I have done a lot of business networking in the past while being active in the dating market. And I've discussed this topic with women as well. Most women will not respond well to being asked out at an event like this unless they are interested in getting to know you in that way too.
What I've observed is that men will often try to keep their agenda hidden and set up "networking meetings" with women they are otherwise interested in and then hope for the right moment to change the context. That's the situation I hear women complain about the most. I don't recommend doing that.
I have also tried simply asking women out directly after meeting them at these events, but that has never panned out for me. It seems like most women would prefer a different context for meeting men to date. The exception, of course, is if they are instantly attracted to you and the two of you have that kind of quick rapport. Very often men will confuse polite rapport as romantic interest. Unless there was very clear flirting happening, I began to learn that making a move while networking was actually a rather risky option. Keep in mind that many women at these events get a lot of unwanted attention so their guard is generally up already.

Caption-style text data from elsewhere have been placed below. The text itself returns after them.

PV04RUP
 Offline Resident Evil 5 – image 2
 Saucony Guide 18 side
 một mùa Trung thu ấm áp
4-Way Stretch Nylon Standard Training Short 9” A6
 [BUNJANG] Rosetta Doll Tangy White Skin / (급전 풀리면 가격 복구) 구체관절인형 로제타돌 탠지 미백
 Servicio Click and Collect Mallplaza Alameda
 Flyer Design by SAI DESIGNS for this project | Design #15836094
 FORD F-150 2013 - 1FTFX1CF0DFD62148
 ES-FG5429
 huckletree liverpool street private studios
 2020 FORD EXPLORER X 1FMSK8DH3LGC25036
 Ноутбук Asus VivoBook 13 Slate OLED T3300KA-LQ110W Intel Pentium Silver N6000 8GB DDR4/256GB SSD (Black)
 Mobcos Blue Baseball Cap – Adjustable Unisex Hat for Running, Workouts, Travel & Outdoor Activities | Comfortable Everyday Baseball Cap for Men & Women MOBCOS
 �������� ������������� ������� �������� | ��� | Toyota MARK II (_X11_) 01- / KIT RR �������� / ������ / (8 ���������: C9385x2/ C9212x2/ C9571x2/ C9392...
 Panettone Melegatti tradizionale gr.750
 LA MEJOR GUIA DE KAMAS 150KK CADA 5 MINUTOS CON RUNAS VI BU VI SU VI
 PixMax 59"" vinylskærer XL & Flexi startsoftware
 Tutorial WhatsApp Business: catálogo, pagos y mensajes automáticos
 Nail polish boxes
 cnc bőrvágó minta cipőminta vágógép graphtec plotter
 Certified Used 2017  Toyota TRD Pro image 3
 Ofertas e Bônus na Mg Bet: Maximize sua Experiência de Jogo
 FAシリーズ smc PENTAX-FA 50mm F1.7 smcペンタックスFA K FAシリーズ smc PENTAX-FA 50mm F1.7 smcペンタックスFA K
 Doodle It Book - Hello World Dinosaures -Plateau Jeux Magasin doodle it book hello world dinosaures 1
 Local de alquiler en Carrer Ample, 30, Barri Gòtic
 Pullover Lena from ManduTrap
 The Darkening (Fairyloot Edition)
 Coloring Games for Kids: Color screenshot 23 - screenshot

Finally, you have to be careful not to become known as "that guy" during networking events. I started to notice these types because they kept showing up to various events very obviously treating the event as a singles mixer and not as a business mixer. It becomes hard for people to take you seriously in business if you're displaying a "pick-up" vibe.
Bottom line, be careful to protect your business interests over your romantic ones. That being said, if you're getting flirtation signals (Use your skills!) then proceed with discretion and caution, but go for it. Keep it light and fun without putting anyone into an awkward social situation, and you should be fine.